→ **Your assignment**: Please transcribe exactly the lines from the line holding "合肥崔勁松醫(yī)療美容診所崔向葵整形價(jià)格表附眼部案例展示" through the end of the data below, and skip any pictures.

:: Stored data ::

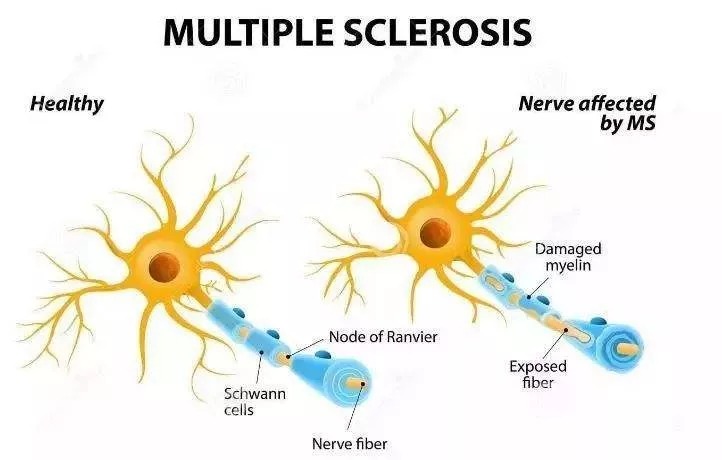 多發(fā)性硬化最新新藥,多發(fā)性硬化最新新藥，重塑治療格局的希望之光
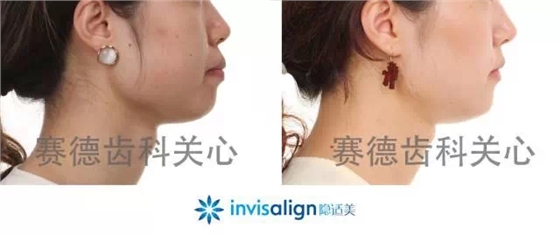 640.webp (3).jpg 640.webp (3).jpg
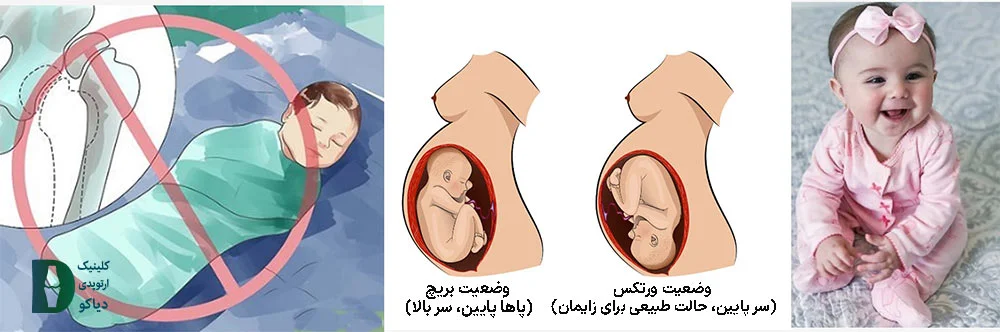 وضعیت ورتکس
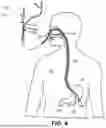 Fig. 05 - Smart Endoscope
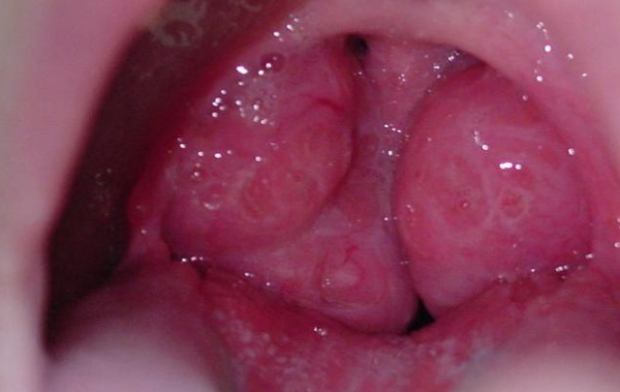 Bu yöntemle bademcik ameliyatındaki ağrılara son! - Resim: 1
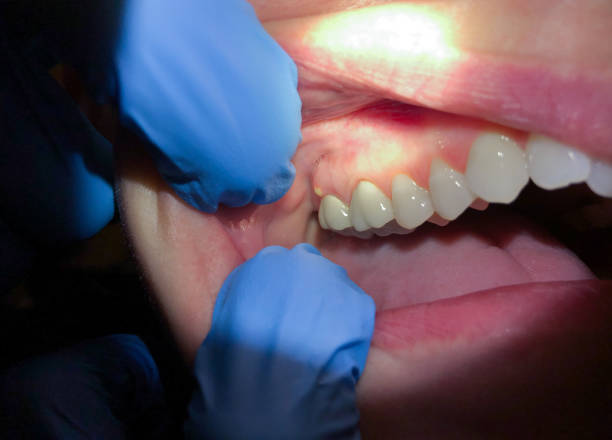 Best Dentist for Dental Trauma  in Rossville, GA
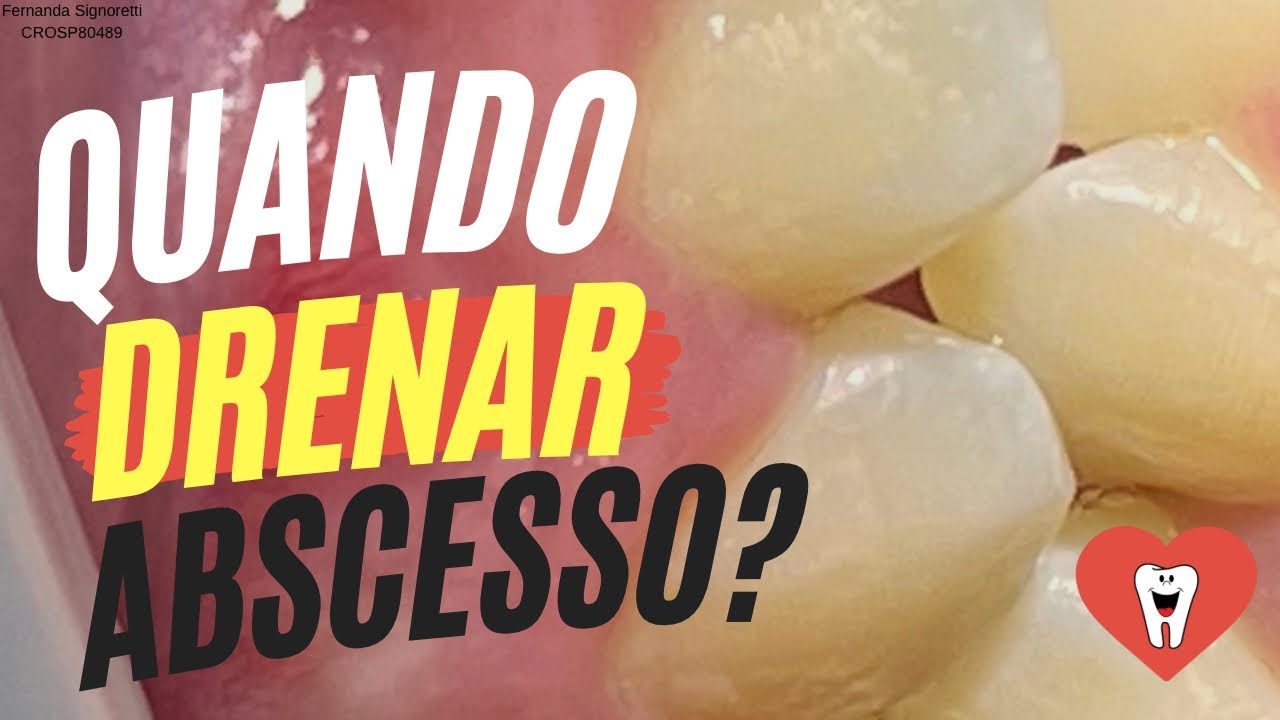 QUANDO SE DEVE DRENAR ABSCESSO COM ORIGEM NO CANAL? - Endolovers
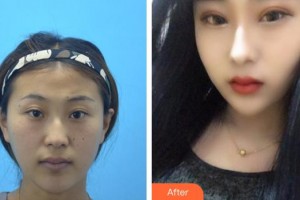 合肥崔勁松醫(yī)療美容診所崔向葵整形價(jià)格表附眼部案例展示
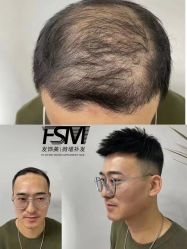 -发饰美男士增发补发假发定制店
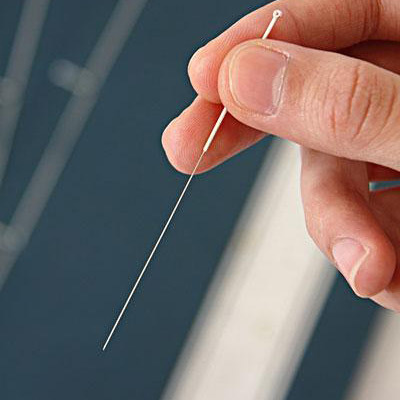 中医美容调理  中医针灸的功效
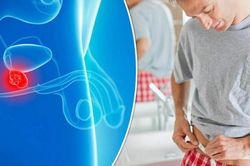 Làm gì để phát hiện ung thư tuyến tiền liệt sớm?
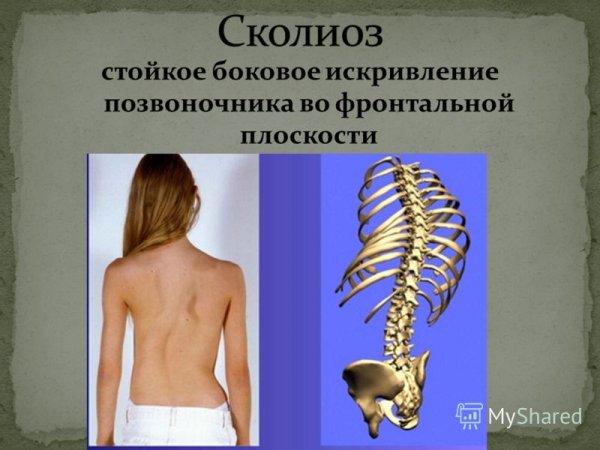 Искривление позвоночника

:::

→ **Solution to the exercise**:
 合肥崔勁松醫(yī)療美容診所崔向葵整形價(jià)格表附眼部案例展示
 -发饰美男士增发补发假发定制店
 中医美容调理  中医针灸的功效
 Làm gì để phát hiện ung thư tuyến tiền liệt sớm?
 Искривление позвоночника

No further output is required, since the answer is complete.